Райский внезапно разразился нервным хохотом и сел подле нее.
— Вот так! Я вижю, что вы угадали меня… — прибавила она шепотом.
Райский окончательно развеселился: «Эта, по крайней мере, играет наивно комедию, не скрывается и не окружает себя туманом, как та…» — думал он.
— Ах, как это мило! charmant, се paysage![81] — говорила между тем Крицкая, рассматривая рисунки. — Qu’est-ce que c’est que cette belle figure?[82] — спрашивала она, останавливаясь над портретом Беловодовой, сделанным акварелью. — Ah, que c’est beau![83] Это ваша пассия — да? признайтесь.
— Да.
— Я знала — oh, vous êtes terrible, allez![84] — прибавила она, ударив его легонько веером по плечу.
Он засмеялся.
— N’est-ce pas?[85] Много вздыхают по вас? признайтесь. А здесь еще что будет!
Она остановила на нем плутовский взгляд.
— Monstre! — произнесла она лукаво.
«Боже мой! Какая противная: ее прибить можно!» — со скрежетом думал он, опять впадая в ярость.

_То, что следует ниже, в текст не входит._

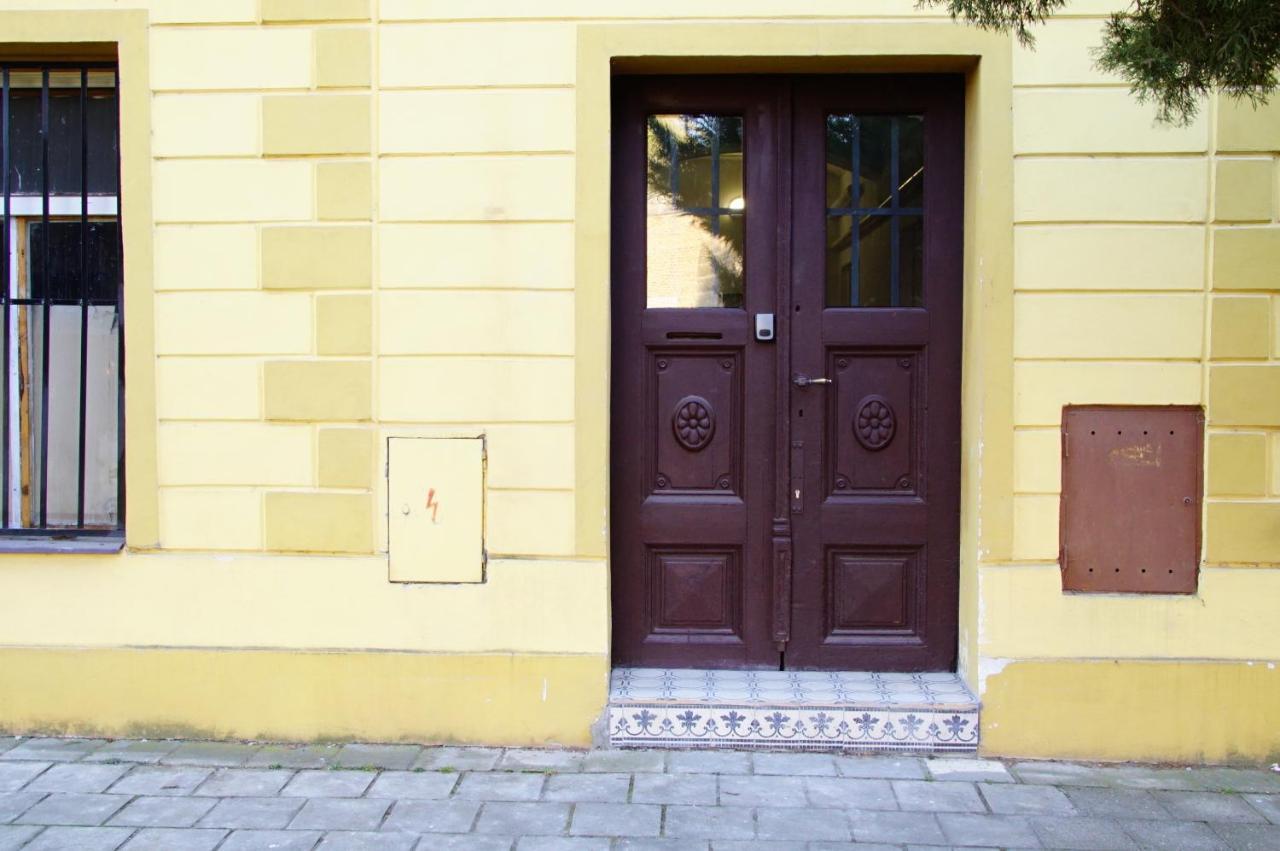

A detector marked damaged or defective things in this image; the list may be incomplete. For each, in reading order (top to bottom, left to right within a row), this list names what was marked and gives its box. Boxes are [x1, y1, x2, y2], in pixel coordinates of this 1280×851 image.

rusty metal panel [1054, 404, 1203, 591]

— У меня есть просьба к вам, m-r Boris… надеюсь, я уже могу называть вас так… Faites mon portrait.[86]
Он молчал.
— Ма figure у prête, j’espère?[87]
Он молчал.
— Вы молчите, следовательно это решено: когда я могу прийти? Как мне одеться? Скажите, я отдаюсь на вашу волю — я вся вашя покорная раба… — говорила она шепелявым шепотом, нежно глядя на него и готовясь как будто склонить голову к его плечу.
— Пустите меня, ради Бога: я на свежий воздух хочу!.. — сказал он в тоске, вставая и выпутывая ноги из ее юбок.
— Ах, вы в ажитации: это натурально — да, да, я этого хотела и добилась! — говорила она, торжествуя и обмахиваясь веером. — А когда портрет?
Он молча выпутывал ноги из юбок.
— Вы в плену, не выпутаетесь! — шаловливо дразнила она, не пуская его.
— Пустите меня: не то закричу!
В это время отворилась тихонько дверь, и на пороге показалась Вера. Она постояла несколько минут, прежде нежели они ее заметили. Наконец Крицкая первая увидела ее.
— Вера Васильевна: вы воротились, ах, какое счастье! Vous nous manquiez![88] Посмотрите, ваш cousin в плену, не правда ли, как лев в сетях! Здоровы ли вы, моя милая, как поправились, пополнели…
И Крицкая шла целоваться с Верой. Вера глядела на эту сцену молча, только подбородок дрожал у ней от улыбки.
— Я вас давно ждал! — заметил ей Райский сухо.
— Я хорошо сделала, что замешкалась, — с вежливой иронией сказала Вера, поздоровавшись с Крицкой. — Полина Карповна подоспела кстати…
— N’est-ce pas?[89] — подтвердила Крицкая.
— Она, верно, лучше меня поймет: я бестолкова очень, у меня вкуса нет, — продолжала Вера и, взяв два-три рисунка, небрежно поглядела с минуту на каждый, потом, положив их, подошла к зеркалу и внимательно смотрелась в него.
— Какая я бледная сегодня! У меня немного голова болит: я худо спала эту ночь. Пойду отдохну. До свидания, cousin! Извините, Полина Карповна! — прибавила она и скользнула в дверь.
Шагов ее не слышно было за дверью, только скрып ступеней давал знать, что она поднималась по лестнице в комнату Марфиньки.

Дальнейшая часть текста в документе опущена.